11h15 : Laurence GUELLEC (Thalim / Université Paris Descartes), « Les poètes réclamistes du XIXe siècle et la tradition de la réclame en vers. »
11h45 : Julien SCHUH (Université de Reims Champagne-Ardenne), « “C’est le Symbolisme de notre âge d’or qui est le père du Slogan”. Réclame, poésie et réenchantement à la Belle-Époque. »
12h15-12h45 : Discussion

Le surréalisme en publicité(s)
Responsable de session : Marie-Paule Berranger
14h30 : Marie-Paule BERRANGER (Thalim / Université Sorbonne nouvelle –Paris 3), « La poésie au jeu de la réclame. »
15h : Anne REVERSEAU (Université de Louvain / KU Leuwen), « Les affinités électives du surréalisme belge et de la publicité : autour de Paul Nougé et d’E. L. T. Mesens. »
15h45 : Marie HUET (Université Paris Sorbonne), « Le Bébé Cadum dans La Liberté ou l’amour ! de Robert Desnos (1927) et la poétisation du lieu parisien. »
16h15 : Massimiliano BRUNZIN PONTE (Max Ponte), Université Paris Ouest Nanterre / Université de Bologne, « Les poètes et la publicité en Italie : Gabriele D’Annunzio et les futuristes. »
16H45 : Émilie Frémond (Thalim / Université Sorbonne nouvelle – Paris 3), Ils en ont rêvé, la pub l’a fait.
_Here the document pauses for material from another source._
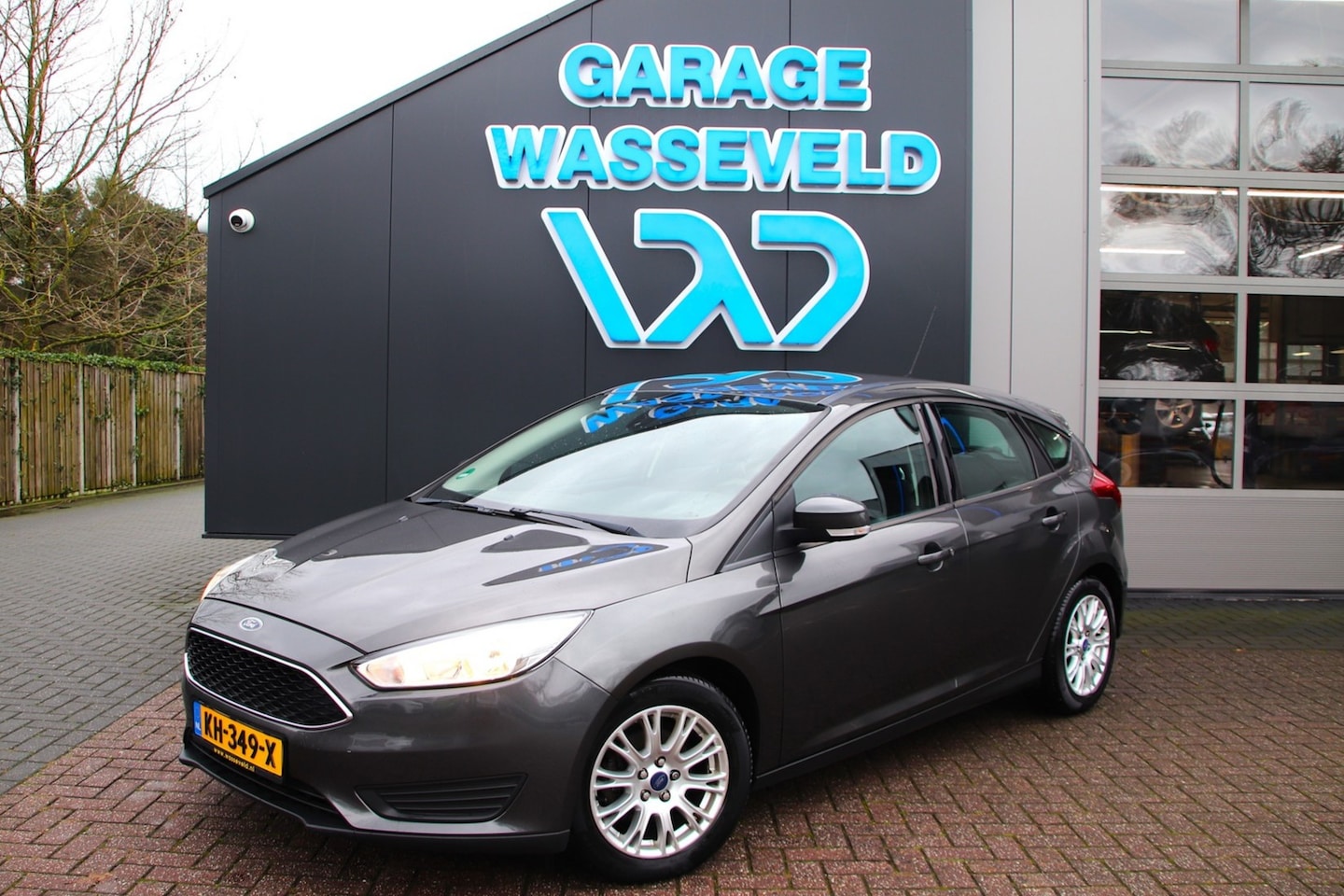 Ford Focus - 1.0 ECOBOOST Stoel+Stuur verwarming/Trekhaak/Winterpakket - AutoWereld.nl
Des influences de la poétique surréaliste sur la publicité contemporaine.
17h15-17h45 : discussion

SAMEDI 16 JANVIER 2016

Poésie ≠Publicité ?
Responsable de session : Myriam Boucharenc
10h : Myriam Boucharenc (Université Paris Ouest Nanterre), « “Publicité = Poésie”. Retour sur un lieu commun moderniste. »
10h45 : Adrien CAVALLARO (Université Paris Sorbonne), « “Le goût de la réclame”. Les poèmes en prose critiques d’Aragon, de Sic à Littérature (1918-1920). »
11h15 : Juliette DRIGNY (Université Paris Sorbonne), « De la croix Vitafor à la lessive : décaper l’idéologie dans la poésie d’avant-garde des années 1970. »
11h45-12h15 : discussion

Impressions publicitaires et poésie graphique
Responsable de session : Gaëlle Théval
14h00 : Stéphanie DEPOISSE-MARCZAK (Institut français de Séoul), « Leonetto Cappiello, Guillaume Apollinaire et Le Poète assassiné. »
14h30 : Kristof VAN GANSEN (Université de Louvain / KU Leuwen), « Arts et métiers graphiques (1927-1939), poésie et publicité : la littérature comme art appliqué ? »
15h15 : Bettina THIERS (Université Paris 8 Vincennes Saint-Denis), « La poésie concrète au service de la consommation ? L’exemple du poète concret et publicitaire Eugen Gomringer. »
15h45 : Gaëlle THEVAL (THALIM / Université Sorbonne nouvelle – Paris 3), « Poésie = publicité  : la publicité comme contre-modèle pour la poésie visuelle de la seconde moitié du 20e siècle ».